Quand madame de Givreuse eut entendu le récit que venait de lui faire Augustin, elle demeura éperdue. Puis, elle demanda :

— Et vraiment, la ressemblance vous paraît absolue ?

— Peut-être existe-t-il quelques faibles, très faibles différences. J’étais trop ému pour les discerner… Mais il semble impossible de soutenir que l’un ressemble plus à Pierre que l’autre !

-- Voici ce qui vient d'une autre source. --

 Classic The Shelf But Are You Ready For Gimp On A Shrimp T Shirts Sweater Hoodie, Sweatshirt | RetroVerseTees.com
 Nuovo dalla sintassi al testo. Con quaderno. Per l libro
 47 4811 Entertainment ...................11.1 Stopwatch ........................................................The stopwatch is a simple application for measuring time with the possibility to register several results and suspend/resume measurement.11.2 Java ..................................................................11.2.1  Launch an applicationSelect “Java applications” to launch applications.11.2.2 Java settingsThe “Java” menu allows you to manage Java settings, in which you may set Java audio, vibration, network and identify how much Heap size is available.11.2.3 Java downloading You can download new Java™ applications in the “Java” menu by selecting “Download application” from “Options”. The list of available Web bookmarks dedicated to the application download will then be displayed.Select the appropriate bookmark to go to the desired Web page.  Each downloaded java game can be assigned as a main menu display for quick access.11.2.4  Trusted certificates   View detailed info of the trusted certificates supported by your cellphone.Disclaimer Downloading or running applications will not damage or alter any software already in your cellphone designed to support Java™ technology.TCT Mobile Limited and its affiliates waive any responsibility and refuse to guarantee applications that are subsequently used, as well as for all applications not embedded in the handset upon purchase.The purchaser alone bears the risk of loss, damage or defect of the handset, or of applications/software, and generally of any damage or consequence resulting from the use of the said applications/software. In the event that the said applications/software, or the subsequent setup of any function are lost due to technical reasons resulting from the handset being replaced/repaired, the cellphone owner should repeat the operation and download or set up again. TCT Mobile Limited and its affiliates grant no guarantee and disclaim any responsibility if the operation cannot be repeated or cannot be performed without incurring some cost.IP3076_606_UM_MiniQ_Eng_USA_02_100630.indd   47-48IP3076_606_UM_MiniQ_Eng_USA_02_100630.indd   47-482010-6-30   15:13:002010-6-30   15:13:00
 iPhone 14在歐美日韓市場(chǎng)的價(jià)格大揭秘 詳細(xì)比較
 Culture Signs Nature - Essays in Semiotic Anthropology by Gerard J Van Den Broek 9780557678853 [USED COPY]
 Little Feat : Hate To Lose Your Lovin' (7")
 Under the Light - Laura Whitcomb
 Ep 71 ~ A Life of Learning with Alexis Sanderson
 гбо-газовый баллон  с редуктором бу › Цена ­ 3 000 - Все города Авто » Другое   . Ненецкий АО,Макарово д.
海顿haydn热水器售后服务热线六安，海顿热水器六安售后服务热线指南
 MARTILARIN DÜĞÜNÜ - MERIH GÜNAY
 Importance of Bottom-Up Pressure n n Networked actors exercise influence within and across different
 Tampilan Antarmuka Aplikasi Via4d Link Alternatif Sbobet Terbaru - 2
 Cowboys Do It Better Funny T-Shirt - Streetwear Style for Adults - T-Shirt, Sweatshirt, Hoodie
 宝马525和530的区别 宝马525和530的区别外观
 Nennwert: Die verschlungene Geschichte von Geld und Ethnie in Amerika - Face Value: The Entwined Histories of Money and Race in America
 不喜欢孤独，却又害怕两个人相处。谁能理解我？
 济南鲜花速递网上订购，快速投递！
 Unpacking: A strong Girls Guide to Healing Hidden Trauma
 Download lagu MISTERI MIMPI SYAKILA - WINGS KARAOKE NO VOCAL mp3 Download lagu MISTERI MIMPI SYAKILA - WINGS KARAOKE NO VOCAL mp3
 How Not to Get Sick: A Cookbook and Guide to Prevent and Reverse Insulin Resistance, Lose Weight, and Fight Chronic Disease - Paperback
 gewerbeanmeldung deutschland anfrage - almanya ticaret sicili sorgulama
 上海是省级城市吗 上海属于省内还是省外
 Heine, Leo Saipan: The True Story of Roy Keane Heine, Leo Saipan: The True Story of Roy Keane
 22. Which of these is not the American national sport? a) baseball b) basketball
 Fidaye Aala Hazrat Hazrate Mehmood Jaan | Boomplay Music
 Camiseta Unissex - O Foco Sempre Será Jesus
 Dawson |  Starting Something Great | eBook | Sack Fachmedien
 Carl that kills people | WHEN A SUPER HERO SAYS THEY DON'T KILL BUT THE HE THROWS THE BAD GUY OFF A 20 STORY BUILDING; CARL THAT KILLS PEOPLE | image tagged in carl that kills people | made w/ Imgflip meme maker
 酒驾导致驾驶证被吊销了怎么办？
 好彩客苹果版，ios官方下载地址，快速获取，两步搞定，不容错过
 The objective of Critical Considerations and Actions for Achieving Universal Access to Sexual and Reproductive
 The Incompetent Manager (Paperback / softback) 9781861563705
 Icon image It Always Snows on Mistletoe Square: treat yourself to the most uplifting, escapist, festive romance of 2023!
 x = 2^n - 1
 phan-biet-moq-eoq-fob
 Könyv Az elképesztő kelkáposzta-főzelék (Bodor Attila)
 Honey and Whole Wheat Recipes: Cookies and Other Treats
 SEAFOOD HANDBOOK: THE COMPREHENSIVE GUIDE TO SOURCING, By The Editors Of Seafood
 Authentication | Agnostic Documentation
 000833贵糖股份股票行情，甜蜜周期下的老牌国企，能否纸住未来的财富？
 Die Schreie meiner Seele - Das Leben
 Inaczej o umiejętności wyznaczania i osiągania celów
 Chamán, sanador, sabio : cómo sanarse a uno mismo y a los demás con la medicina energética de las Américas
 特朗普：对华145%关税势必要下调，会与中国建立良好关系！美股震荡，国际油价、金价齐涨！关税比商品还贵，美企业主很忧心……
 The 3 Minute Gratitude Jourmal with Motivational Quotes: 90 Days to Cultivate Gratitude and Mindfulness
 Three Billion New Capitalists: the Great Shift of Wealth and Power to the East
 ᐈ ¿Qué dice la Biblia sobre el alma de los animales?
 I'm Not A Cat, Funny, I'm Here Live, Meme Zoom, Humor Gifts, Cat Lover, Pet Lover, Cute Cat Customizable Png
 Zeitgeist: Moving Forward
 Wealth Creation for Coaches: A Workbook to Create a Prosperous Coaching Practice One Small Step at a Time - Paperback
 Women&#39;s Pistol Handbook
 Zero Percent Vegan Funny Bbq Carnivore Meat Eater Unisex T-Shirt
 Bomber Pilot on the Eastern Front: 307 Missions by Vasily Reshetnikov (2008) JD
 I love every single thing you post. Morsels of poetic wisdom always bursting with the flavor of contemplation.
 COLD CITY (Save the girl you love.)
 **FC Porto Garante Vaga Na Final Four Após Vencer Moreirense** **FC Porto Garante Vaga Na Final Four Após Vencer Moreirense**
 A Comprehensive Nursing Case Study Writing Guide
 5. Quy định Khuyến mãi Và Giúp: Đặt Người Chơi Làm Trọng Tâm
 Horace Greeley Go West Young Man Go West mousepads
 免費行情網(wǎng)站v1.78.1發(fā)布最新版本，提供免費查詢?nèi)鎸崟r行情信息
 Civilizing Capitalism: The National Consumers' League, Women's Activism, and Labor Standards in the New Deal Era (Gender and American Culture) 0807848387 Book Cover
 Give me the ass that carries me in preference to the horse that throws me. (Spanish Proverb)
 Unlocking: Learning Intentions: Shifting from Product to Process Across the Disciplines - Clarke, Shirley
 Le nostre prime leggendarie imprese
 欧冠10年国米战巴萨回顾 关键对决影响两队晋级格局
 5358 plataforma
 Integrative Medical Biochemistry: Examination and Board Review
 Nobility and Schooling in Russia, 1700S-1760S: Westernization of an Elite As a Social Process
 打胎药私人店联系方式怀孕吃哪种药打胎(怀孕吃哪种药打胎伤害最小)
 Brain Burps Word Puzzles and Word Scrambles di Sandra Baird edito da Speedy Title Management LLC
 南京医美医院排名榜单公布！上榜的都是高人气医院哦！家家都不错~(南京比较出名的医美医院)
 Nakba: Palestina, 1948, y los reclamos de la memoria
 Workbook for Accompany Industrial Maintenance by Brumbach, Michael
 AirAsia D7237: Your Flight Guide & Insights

— Je crois que je ne m’y tromperai point ! — fit rêveusement madame de Givreuse. — Les mères ont un sens de plus, Augustin.

Elle souriait maintenant. Un univers montait en elle, innombrable, qui semblait se perdre dans l’éternité.

Elle cria avec passion :

— Pourquoi n’est-il pas encore auprès de moi ? Comment a-t-il pu me faire attendre ?

— À cause de sa tendresse même… Il a craint…

Elle interrompit fougueusement :

— On m’a caché quelque chose ?… Ses blessures ?…

— Elles n’ont aucune gravité… Mais il est encore maigre et pâle. Sans doute, il aurait pu t’annoncer son retour ; il a craint l’incertitude de la poste et du télégraphe.

Déjà, elle s’était calmée. Une douceur ardente s’exhalait de son visage clair que l’âge n’avait pu ternir, et qu’à peine parcouraient quelques rides fines comme des fils de la vierge. Elle avait les mêmes yeux que Pierre de Givreuse et de grands cheveux à la Montespan où la soie d’or se mêlait d’écheveaux argentés.

— Ah ! qu’il vienne vite ! — chuchota-t-elle.


Elle était debout quand ils entrèrent ; elle s’élança à leur rencontre, mais son élan se brisa, tant la surprise fut profonde.